Summerer

5-Formylcytosine (fC) is the seventh nucleobase of the mammalian genome. fC has recently been found to be present at high levels in genes associated with transcription and differentiation, and crystal structures have shown that its presence in DNA can strongly distort the duplex structure. These findings are suggestive of roles in gene expression regulation. However, the underlying control mechanism of such potential functions is the introduction and removal of fC in DNA, i.e. its dynamics. Information on this aspect is crucial for a full understanding of fC´s function, but has not been provided by previous studies that focused only on static aspects.
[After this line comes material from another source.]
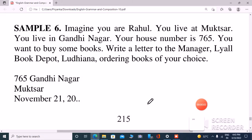Hello my future students! Welcome back to my channel. Today we are going to do Class 10th PSEB English grammar business letter sample 6 letter. Let's start.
Measuring fC dynamics requires simple and sensitive assays for the time-resolved quantification of fC at relevant genomic loci. However, current detection methods for fC do not provide a direct sequence-selectivity, resulting in disadvantages in respect to simplicity and/or resolution. We have recently introduced the concept of an expanded programmability of DNA recognition based on TALE proteins that consist of multiple concatenated repeats with individual selectivities for the recognition of both canonical and epigenetic nucleobases in DNA.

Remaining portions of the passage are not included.